Not only is Stringer prioritizing honesty, she’s also living authentically for the first time in a long time that especially shows in her online presence. Oftentimes the lives people curate online are just a fraction of reality — they’re painted in pastels with perfectly curated outfit photos and food inspiration — there’s so much more that goes on behind the scenes and it’s easy to lose yourself trying to live up to “perfection.” Stringer wholeheartedly understands this concept, and it’s part of the reason she’s posting videos of herself even in the midst of crying — something she would have thought twice about doing before. “I will tell you I’m good at painting the picture,” Stringer notes with a chuckle. “I think there was a part of me that was like, ‘I just want to live authentically’ which now you see pictures and videos of me crying on the internet which, I’m like, ‘is that a lot?

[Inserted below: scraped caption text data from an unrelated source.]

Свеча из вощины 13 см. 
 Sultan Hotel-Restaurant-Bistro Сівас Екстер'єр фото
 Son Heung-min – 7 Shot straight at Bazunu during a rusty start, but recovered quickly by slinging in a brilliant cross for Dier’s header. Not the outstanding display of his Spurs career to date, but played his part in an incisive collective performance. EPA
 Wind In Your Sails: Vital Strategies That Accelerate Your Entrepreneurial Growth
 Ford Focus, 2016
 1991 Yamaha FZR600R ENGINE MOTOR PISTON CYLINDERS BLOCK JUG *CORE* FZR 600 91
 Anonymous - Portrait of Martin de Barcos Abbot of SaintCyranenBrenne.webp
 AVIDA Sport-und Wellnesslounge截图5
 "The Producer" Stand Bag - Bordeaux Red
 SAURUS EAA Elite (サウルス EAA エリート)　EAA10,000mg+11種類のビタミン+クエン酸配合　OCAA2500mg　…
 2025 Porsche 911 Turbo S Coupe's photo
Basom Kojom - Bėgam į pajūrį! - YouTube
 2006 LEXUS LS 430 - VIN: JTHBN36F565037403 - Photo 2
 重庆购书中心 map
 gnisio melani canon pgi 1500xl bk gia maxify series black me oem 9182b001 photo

Why am I doing that?’ But I would rather be real and the people that resonate with it resonate with it and if they don’t they can get the hell out of here!”
The conversation shifts to the misogyny and sexism surrounding female artists, especially ones that are candid about their relationships and experiences. Women like Taylor Swift, Sabrina Carpenter, Halsey, and countless others have all been at the center of public scrutiny, but is the culture changing for better or for worse? Stringer’s opinion is that with things like the Barbie movie, Beyoncé’s Renaissance tour, and Taylor Swift’s Eras tour, we’re in a girl renaissance.
“I think there’s been a lot of polarizing opinions about what girls should do for so long and we let that stop us from being who we are for so long. There’s something so beautiful about finding your world of women. Having women around you that support you. I feel like in some ways, yes, it can be polarizing and people do have their opinions, but I feel like the girls are starting to catch on that that’s happening,” she says. “While I agree that misogyny is out there — and it’s not going anywhere, it’s engrained in some of these people’s heads — but I think it’s more so a question of, what are we paying attention to? For me, that’s where I’m at. Yes it’s out there and I’m aware that it happens, but I just don’t even care to look at it. I’m focusing more on who it resonates with and that’s the girls or the people that come from a space of love, which I’ve found a lot of in my female friendships.”
Speaking of her friendships, when asked about who her inspirations are right now, she doesn’t miss a beat before mentioning her friends. “For the first time in my life I’m surrounded by the most beautiful, confident, badass women I have ever met. I made the “End of an Era” music video with all of them — it’s just me and my best friends making this video and dancing — they’re the ones who have been truly inspiring this new era. They’re like the checks and balances system for my democracy. They call me out on my shit, comfort me when I’m not feeling well. I would not be living the life that I am right now without them.”
The interview is winding down but I can’t help but ask Stringer what’s she most looking forward to in this new era, in the spirit of new beginnings. She laughs and pauses for a beat. “Ya know, I think I’m still figuring that out, to be honest with you. But what I can tell you about I’m enjoying exploring right now is saying ‘yes’ to life. Before, I was always trying to figure it out and find all the answers to finally be happy but I’m realizing it’s a journey and I really think I’m beginning to realize that. I’m going to make mistakes. I’m starting to date people, I’m being a girl — trying on clothes and new hairstyles, dabbling in all kinds of different music. I’m letting myself say yes to what feels good in the moment instead of worrying about if it’s the right choice. So that has really been inspiring this new era and all aspects of my life — music, dating, friendships, life, family, love — It’s just about asking myself what feels good, and I’m following that.”